Iteration and Enumeration


    (while test exprs)

    Primitive: While test is true, evaluates exprs, returns nil


    (until test exprs)

    Macro: While test is non-true, evaluates exprs, returns nil


    (for inits test update &rest body)

    Macro: roughly, (lets inits (while test (block body update))), returns nil


    (dolist var lst &rest body)

    Macro: evaluates body with var bound to successive elements of lst


    (dotails var lst &rest body)

    Macro: evaluates body with var bound to successive tails of lst


    (for-each var seq &rest body)

    Macro: seq must support get-enum. Evaluates body with var bound to successive elements of seq


Sequences

    DotLisp supports a generalized notion of sequence and several functions that take and yield sequences. A sequence is any object for whom the get-enum generic function is defined. 


    (get-enum x)

    Generic function: Returns an IEnumerator over x. Methods are predefined for IEnumerator and IEnumerable, so all of the sequence functions work with .Net collections.


    (make-enum inits get &rest move)

    Macro: creates a lazy IEnumerator object based upon  supplied code. inits are bound as by lets, get is evaluated to define IEnumerator.Current(), and the expressions of move are in an implicit block, the last of which must yield a boolean which will be the return value of IEnumerator.MoveNext() For example, range is defined as follows:

    (def (range start end &opt (step 1))
        (make-enum
            (x start curr start)
            curr
            (set curr x)
            (+= x step)
            (< curr end)))

    filter, map, concat and others are defined using make-enum. N.B. no Reset() support or off-the-ends protection.


    (map->list &rest seqs)

    Like CL mapcar except args can be sequences and not just lists. Differs from most of the following sequence functions in returning a list rather than another (lazy) sequence.


    (map1 f seq)

    Function:  yields a lazy sequence that is the result of calling  f for each element in seq.


    (map f &rest seqs)

    Function: f must be a function that takes as many args as there are seqs. Yields a lazy sequence that is the result of calling f with the first element from each seq, then the second etc. Stops when the end of the shortest seq is reached.   


    (filter pred seq)

    Function: returns a lazy sequence  that containing those values in seq for which pred returns true


    (find val seq &key (test eqv?))

    Function: returns a lazy sequence of those items in seq for which (test item val) returns true.


    (concat &rest seqs)

    Function: returns a lazy sequence which is a concatenation of the items in seqs.

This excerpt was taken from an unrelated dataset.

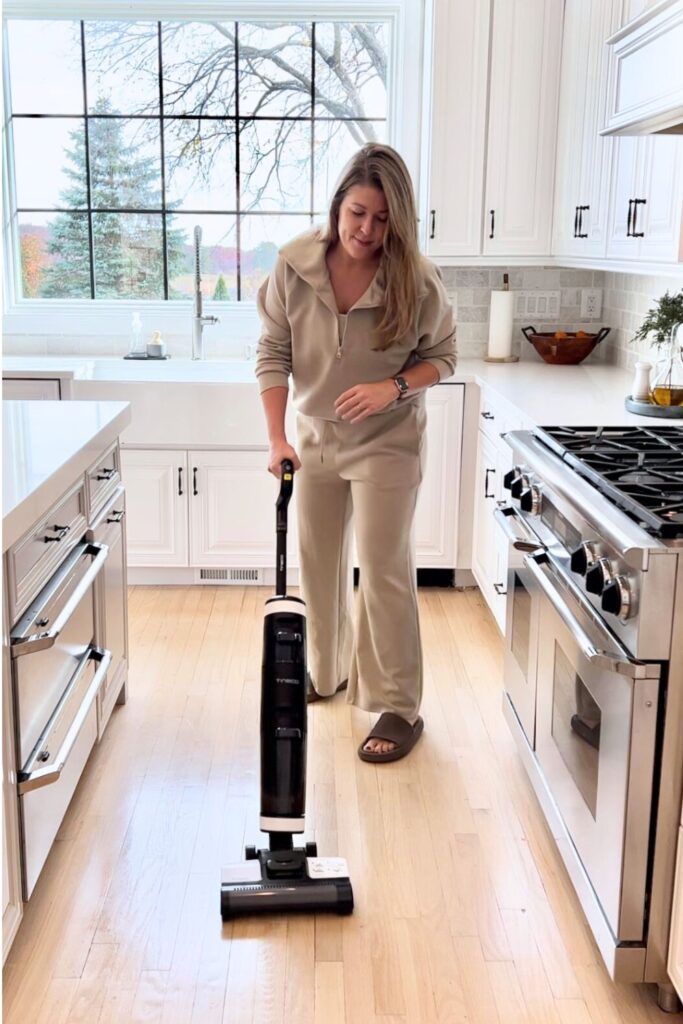 Cleaning with the Tineco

    (reduce f seq &key init)

    Function: If seq is empty, returns init if supplied, else the result of calling f with no args. For some non-empty seq comprised of a b c, if init is supplied the result is equivalent to:

        (f (f (f init a) b) c)

    if init is missing, result is equivalent to:

        (f (f a b) c)

    (any pred &rest seqs)

    Function: pred must take as many args as there are seqs. Calls pred with the first element from each seq, then the second etc and returns the first true value returned, else stops when the end of the shortest seq is reached and returns false . 

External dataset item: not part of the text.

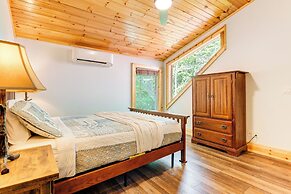 Waynesville Romantic Hideaway w/ Private Hot Tub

    (every pred &rest seqs)

    Function: pred must take as many args as there are seqs. Calls pred with the first element from each seq, then the second etc and returns the first false value returned, else stops when the end of the shortest seq is reached and returns the last value returned by pred. 


    (into coll seq)

    Generic function: Dumps seq into the collection coll by means equivalent to append (i.e. the collection will contain the seq in order if the collection has a notion of order). Methods are predefined for IList, Cons and nil, the last of which will cons up a new list:

    (into nil [1 2 3]) -> (1 2 3)

    The general idiom being the use of sequence functions to dump into your choice of existing or new collection:

    (into (ArrayList.) (map .ToString [1 2 3])) ;puts "1", "2", "3" into new ArrayList

    Note that you can map any funcallable thing, including member functions, properties, types (constructors) and indexes.


Macros

    backquote (`), unquote (~) and unquote-splicing (~@) operators are all supported. Note: use of tilde rather than comma for unquote because comma will be needed for multi-dimensional array type names (which are not yet implemented)


    (def-macro (m [params-pattern]) exprs)

    Macro: Defines a macro named m. Destructuring is supported for the params pattern as long as it does not contain &key or %opt args, i.e. params patterns can contain nested list structure including &rest params, or &key and &opt params, but not both.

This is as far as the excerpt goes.